Knockdown of ARHGAP18 enhances basal RhoA activation. (A) Strain significantly (p<0.05, n=3) increased RhoA activation (RhoA-GTP) following strain. Knockdown of ARHGAP18 resulted in increased basal activation of RhoA (p<0.05, n=3). RhoA activation was also significantly increased in the absence of ARHGAP18 following strain (p<0.05, n=3). (B–E) mdMSCs were stained with Alexa488-conjugated phalloidin and dapi following strain (2%, 100 cycles) (C, E) or under static conditions (B, D). Images were captured using a 20x 0.95 plan apo lens. Cells contained either a control shRNA vector (B, C) or an shRNA sequence targeting ARHGAP18 (D, E). (F) Quantification of stress fibers confirmed that strain significantly (p<0.05) increased the number of stress fibers under control conditions. The number of stress fibers was significantly (p<0.001) increased in cell deplete of ARHGAP18 compared to non-strained, ARHGAP18 replete cells. In ARHGAP18 knockdown cells, the number of stress fibers remained approximately equivalent to non-strained, ARHGAP18 knockdown cells, with no significant changes. For actin quantification, at least 15 cells per condition total were analyzed across 3 independent experiments.
Knockdown of ARHGAP18 restricts entry into the adipocyte lineage
Both matrix stiffness[35] and cellular tension[21] direct MSC fate away from the adipogenic lineage. We hypothesized that enhanced cytoskeletal structure due to the absence of ARHGAP18 would restrict MSC adipogenesis. As expected, control MSCs formed abundant lipid droplets and expressed adipogenic markers (aP2, PPARγ, APN, and perilipin) when cultured for 3 days in adipogenic media (Fig. 4A). In contrast, shRNA knockdown of ARHGAP18 suppressed adipogenesis, significantly reducing expression of adipogenic markers aP2 (1,138.09-fold, p<0.05), PPARγ (10.57-fold, p<0.01), APN (193.74-fold, p<0.01), and perilipin (79.63-fold, p<0.05) compared to control cells in response to adipogenic media (Fig. 4B). Further, ARHGAP18 depleted MSCs had reduced oil-red-O staining (Fig. 4C–D). To determine if inhibition of adipogenesis was due to the effects of ARHGAP18 on RhoA, MSCs were treated with an inhibitor to block the downstream effects of RhoA activation.
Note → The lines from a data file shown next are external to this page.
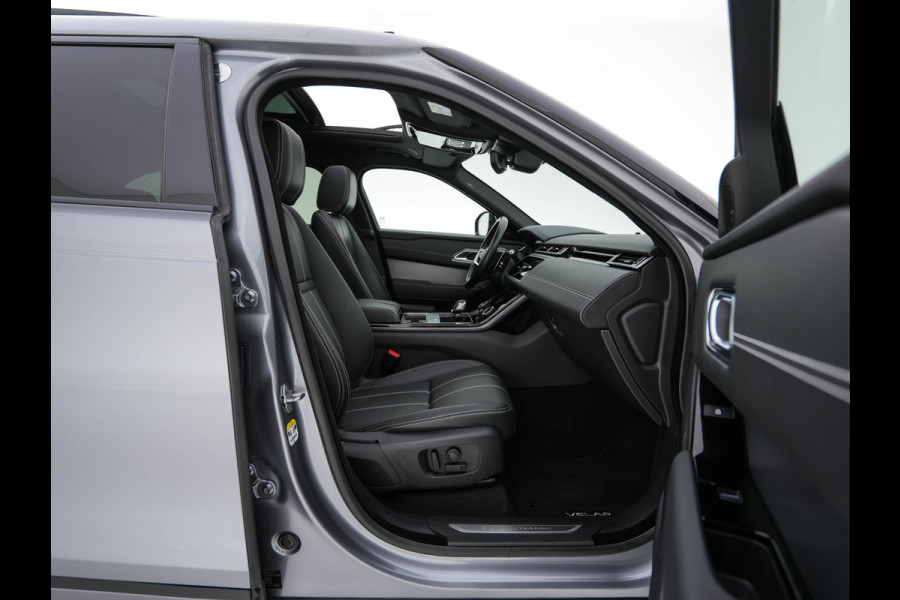 Land Rover Range Rover Velar 2.0 D200 R-Dynamic HSE AWD MHEV Aut. *PANO | LEATHER | FULL-LED | TOPVIEW | MEMORY-PACK | ADAPTIVE-CRUISE | BLINDSPOT | DIGI-COCKPIT | NAVI-FULLMAP | PRIVACY-GLASS | SHIFTPADDLES | 20''ALU*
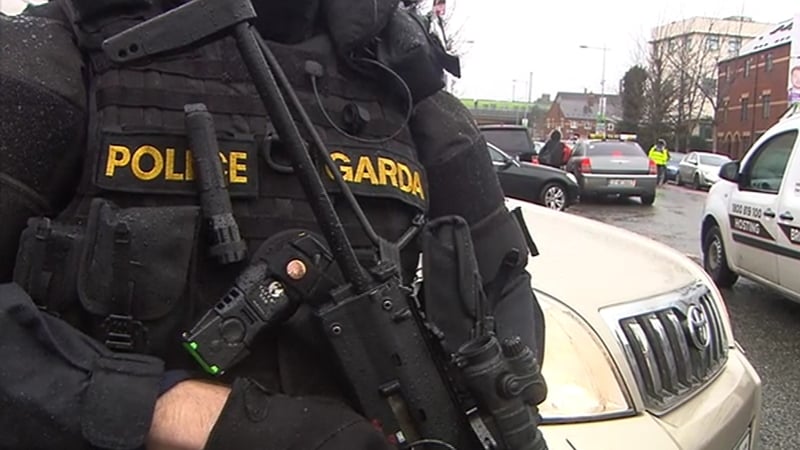 "when we look at the Witness Security Programme here in Ireland, we are faced with a system almost entirely self-governed by the Gardaí"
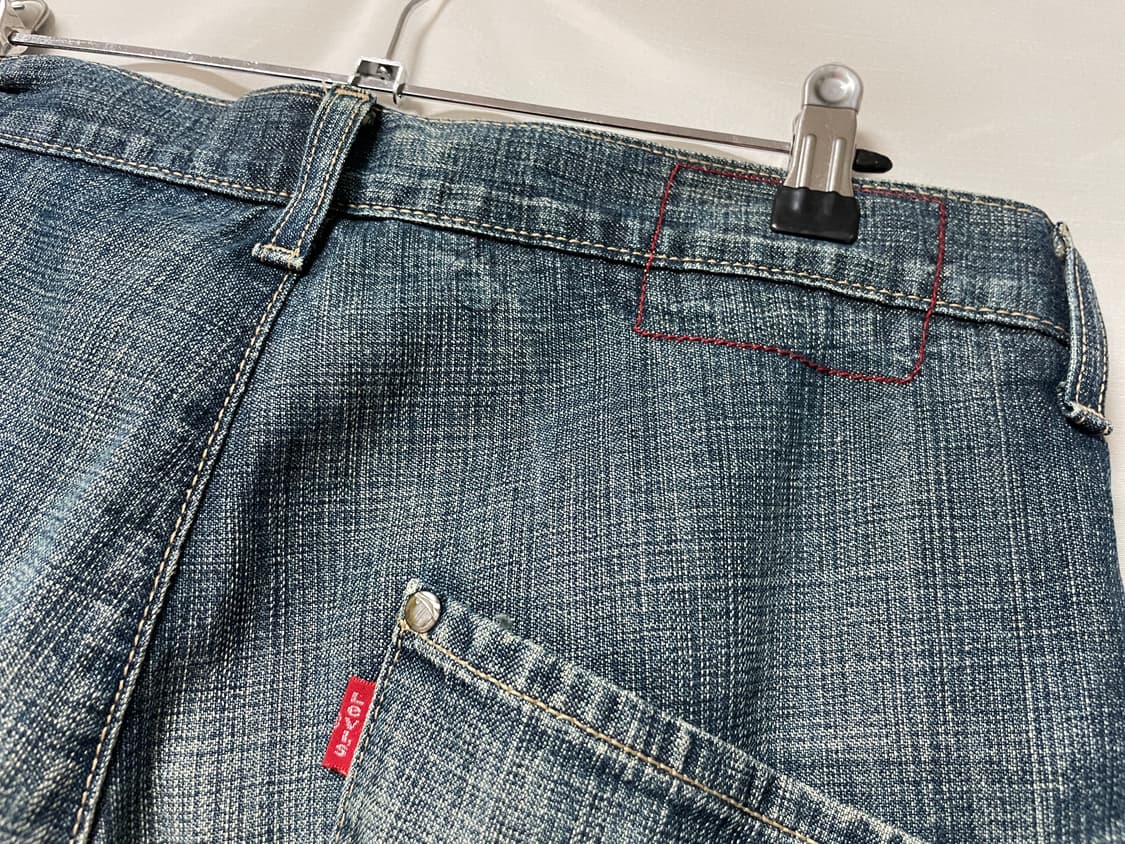 Levis 리바이스 엔지니어드진 청바지 31 (한국생산) 상품이미지4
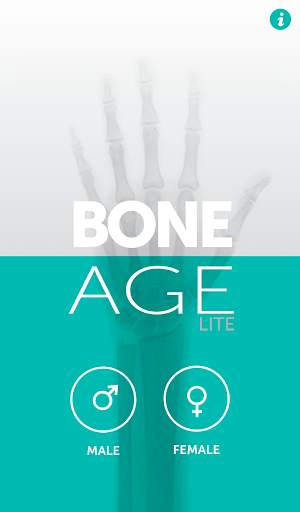 Bone Age Lite screenshot 2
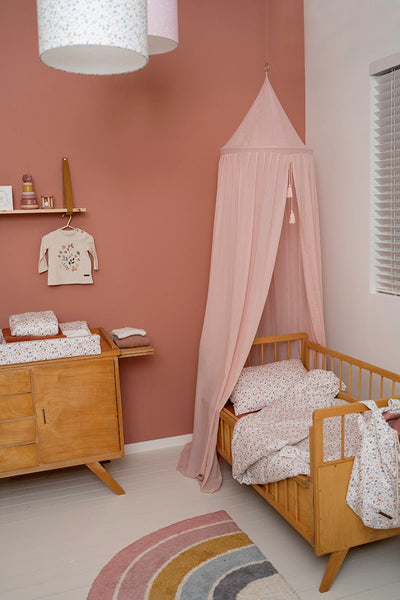 Little Dutch - Canopy Pure Pink - Swanky Boutique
Addition of the Rho-associated, coiled-coil containing protein kinase 1 (ROCK) inhibitor Y27632[36] partially rescued expression of APN following ARHGAP18 knockdown (Fig. 4E).
Figure 4.
Knockdown of ARHGAP18 suppresses mdMSC adipogenesis. (A) Western blots probing for adipogenic markers aP2, PPARγ, APN, and perilipin following knockdown of ARHGAP18. (B) Densitometry of radiograph bands from Western blots shows significantly decreased expression of aP2 (p<0.05, n=5), PPARγ (p<0.01, n=3), APN (p<0.01, n=5), and perilipin (p<0.05, n=3). (C, D) mdMSC cells stained with oil-red-O, with control shRNA or knockdown of ARHGAP18. (E) Western blot of APN following ARHGAP18 depletion and addition of ROCK inhibitor (Y27632, 10 μM).
Osteogenic potential of mdMSCs is enhanced in the absence of ARHGAP18
In culture, adipogenic commitment limits the pool of MSC progenitors available for osteogenesis[37]. To determine if ARHGAP18 influences osteogenic differentiation of MSCs, we cultured control and ARHGAP18 knockdown cells in osteogenic media containing ascorbic acid and β-glycerophosphate. An increase in alkaline phosphatase staining in ARHGAP18 knockdown cells was observed compared to controls at 7 days (Fig. 5A–B). Additionally, light microscopy showed formation of prominent osseous nodules in ARHGAP18 knockdown cultures at this time (Fig. 5D), whereas control MSCs lacked nodules at the same time point (Fig. 5C). In a previous study we showed that MSCs require 14 days in osteogenic conditions to generate bone nodules, with subsequent formation of osteocytes[38]. Thus, this observation suggests that ARHGAP18 knockdown accelerates formation of mineralized nodules in culture.
Figure 5.
Osteogenic potential of mdMSCs is enhanced in the absence of ARHGAP18. (A, B) Alkaline phosphatase staining of control (A) and ARHGAP18 deplete (B) MSCs (10x magnification). Light microscopy (10x lens) of control (C) and ARHGAP18 knockdown cells after 7 days in osteogenic media showing presence of mineralized nodules following ARHGAP18 knockdown (D). qPCR analysis of osteogenic genes (E) Sp7 (osterix), (F) Alpl (alkaline phosphatase), and Bglap (osteocalcin) in control and ARHGAP18 knockdown mdMSCs. *p<0.05, **p<0.01, n=3 for all assays.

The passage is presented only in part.